国境を越える投資交流は、投資国側の企業にとって事業機会の拡大につながるのみならず、投資受入れ国にとっても、国内雇用の創出や、外国資本、新たなビジネス・モデル、技術・素材および経営ノウハウといった経営資源を導入する契機となる。拠点設置を通じたサービスの提供(サービス貿易の第3モード)を含む投資の自由化を推進することで、魅力あるビジネス環境を整備すべく、日中韓FTAでは、サービス貿易章ならびに投資章にハイレベルなルールを設けるべきである。

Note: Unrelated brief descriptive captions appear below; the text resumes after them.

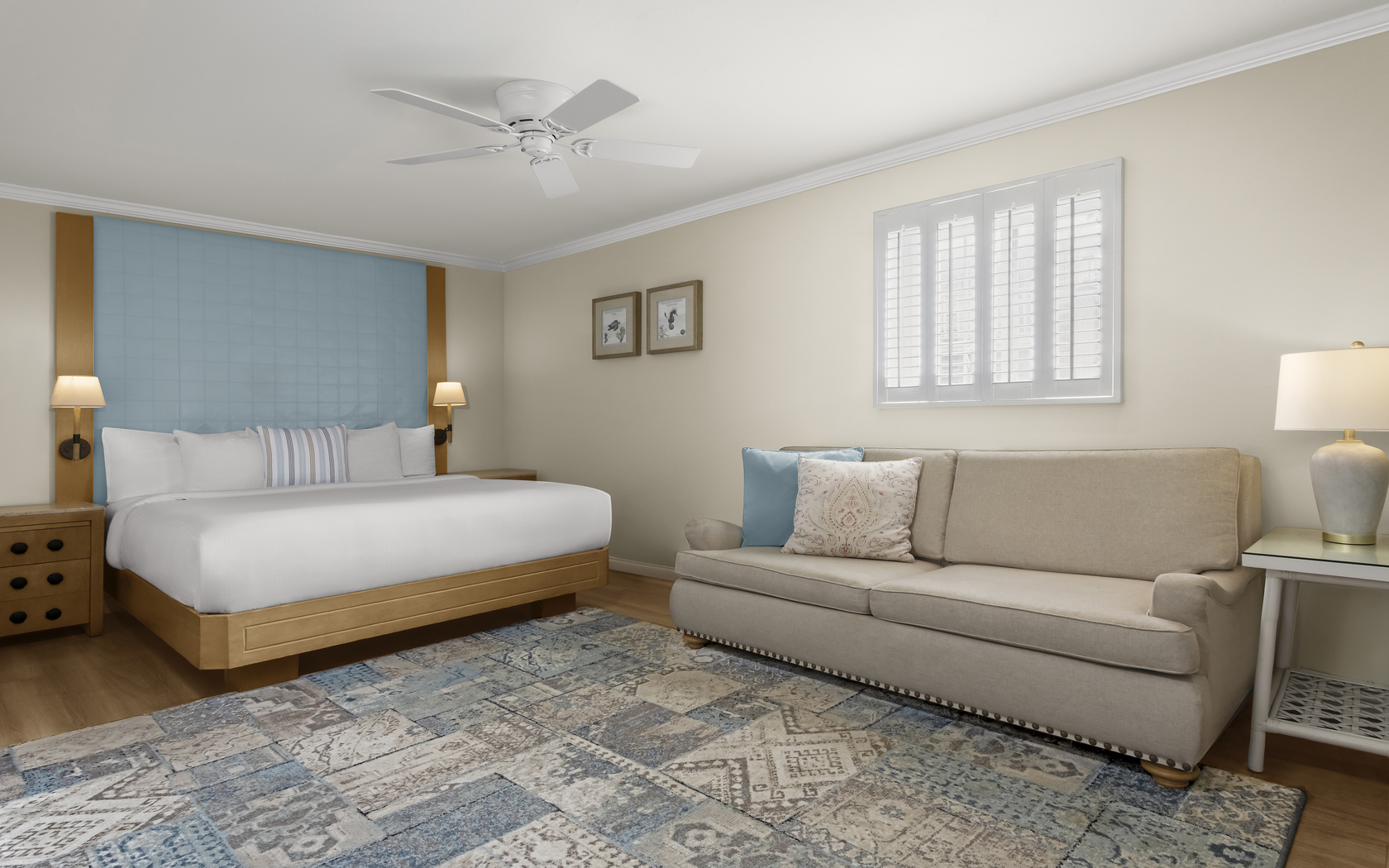 a room with a bed and a couch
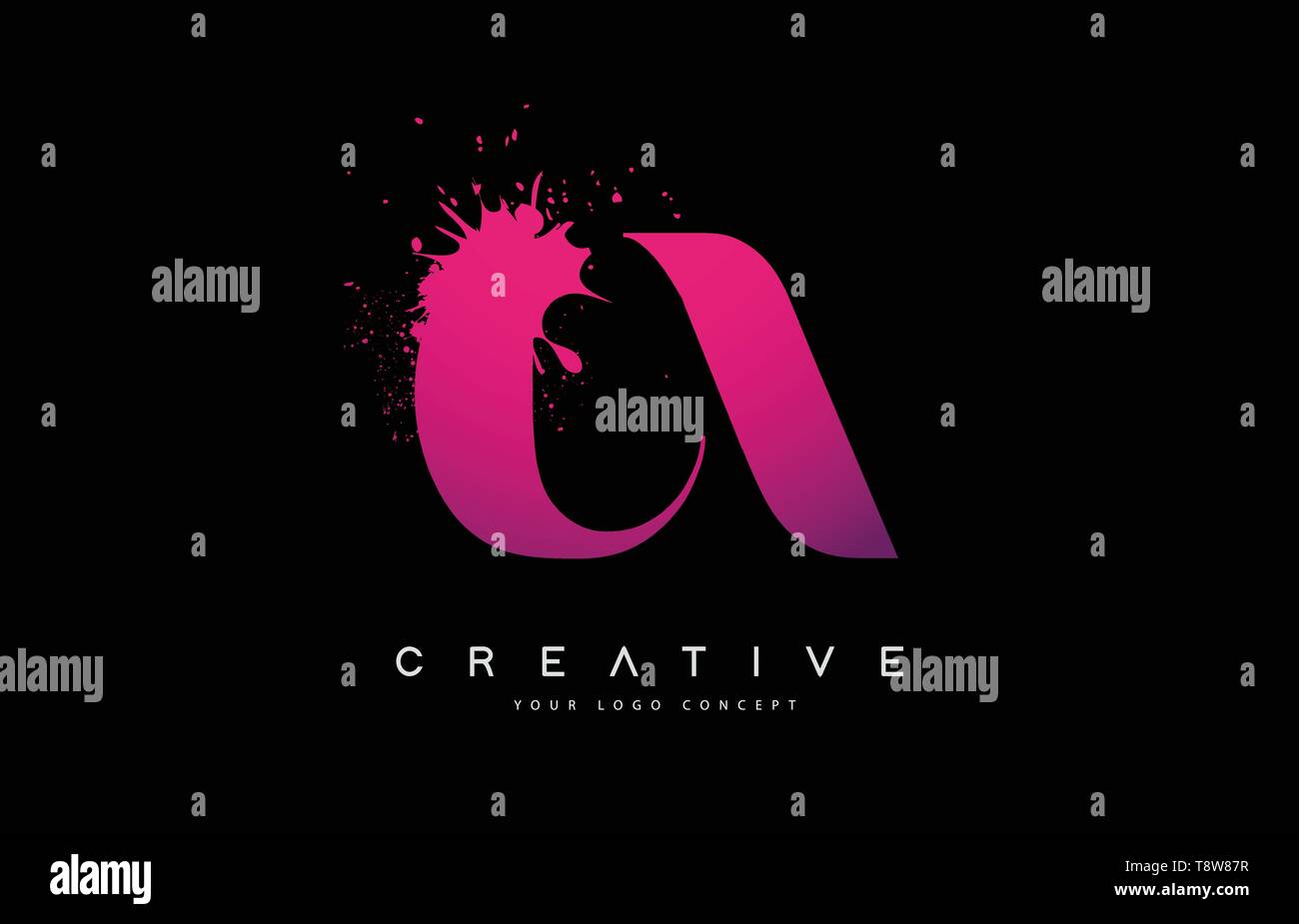 Purple Pink CA C A Letter Logo Design with Black Ink Watercolor Splash ...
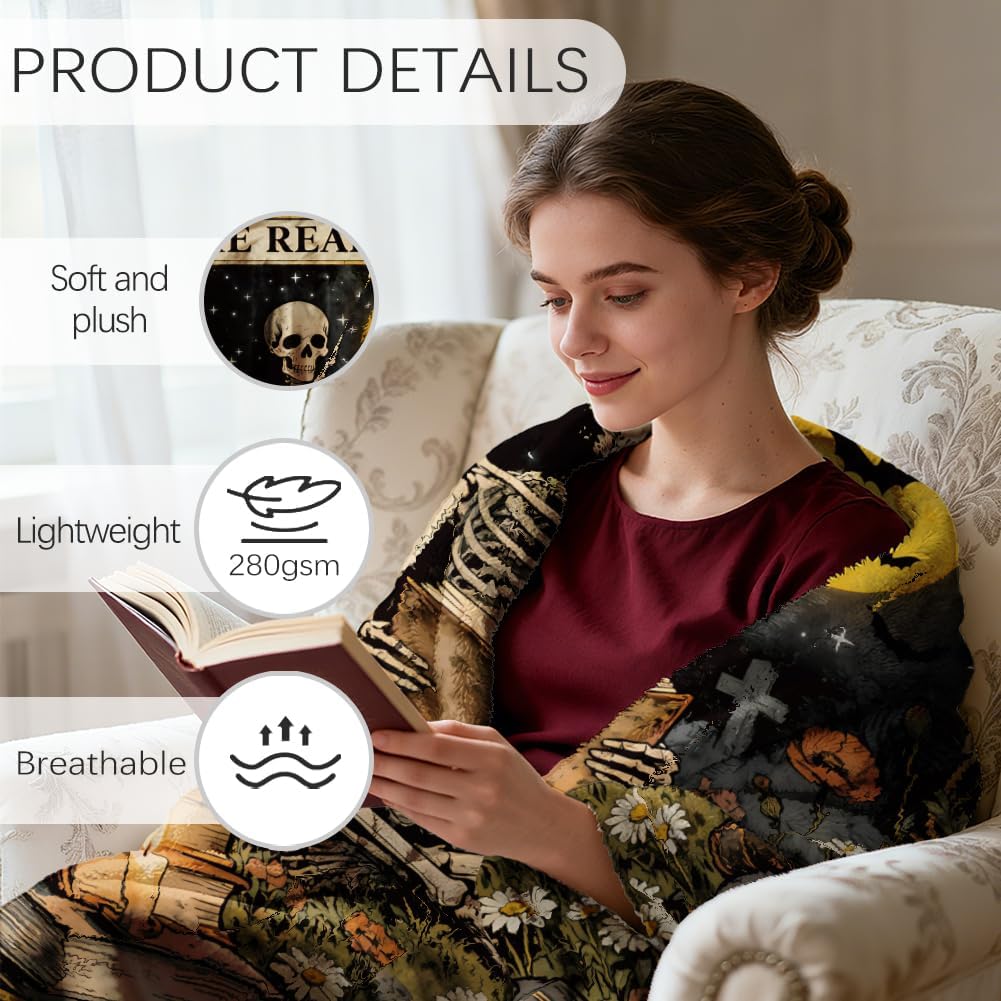 GLOBLELAND Magic Skeleton Reading Throw Blanket 59 x 51 Mysterious Night Tomb Tarot Throw Blankets Magical Theme Reader Books Blanket for Home Sofa Travel Adult Women Comfort Warmth Soft Cozy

(1)外資制限ならびに外国企業に対する特有の規制の撤廃・緩和

金融、建設、不動産、流通、広告、通信等の主要サービス分野や自動車、鉄鋼、造船、食品等の主要製造業の分野において日本企業が外資制限に直面しており、その撤廃ないしは緩和が求められる。また、

  1. 外国資本は設立できる合弁企業の数が制限されること、
  2. 外国資本は現地の国民に対するサービスの提供が制限され、商品を企画しても、実際にそれを販売する際は現地の企業に委託しなければならないため、自社のノウハウを活かしきれないこと、
  3. 外国資本は資本金をベースとした総投資枠を超えて投資することができず、過去の利益の蓄積を活用して再投資を行うことが制限されること、

等の外国資本特有の規制が指摘されており、内国民待遇の付与を保証することが必要となっている。なお、外資制限ならびに外国企業に対する特有の規制の撤廃・緩和の利益を最大限享受する観点から、日中韓FTAにおいてネガティブ・リスト方式(原則として全ての分野について規制を撤廃し、例外的に規制を残す場合に留保をつける方式)が導入されることを要望する。

(2)撤退・減資規制の撤廃

日本企業が清算・撤退ならびに減資の制限に直面するケースが報告されている。こうした制限の撤廃によって、投資資金の効率的な運用が可能となり、新規投資を通じたサービス、投資の活性化を図ることができる。

(3)パフォーマンス要求の撤廃

現地に拠点を設置する際に技術移転を要求される、一定の国産化比率を達成するよう義務付けられる、納税水準をあらかじめ約束させられる等のパフォーマンス要求は、投資のディスインセンティブとなるため、その撤廃について日中韓FTAに明記すべきである。

(4)送金規制の撤廃

送金に関し、日本企業から以下の弊害が指摘されており、日中韓FTAにおける対応が必要である。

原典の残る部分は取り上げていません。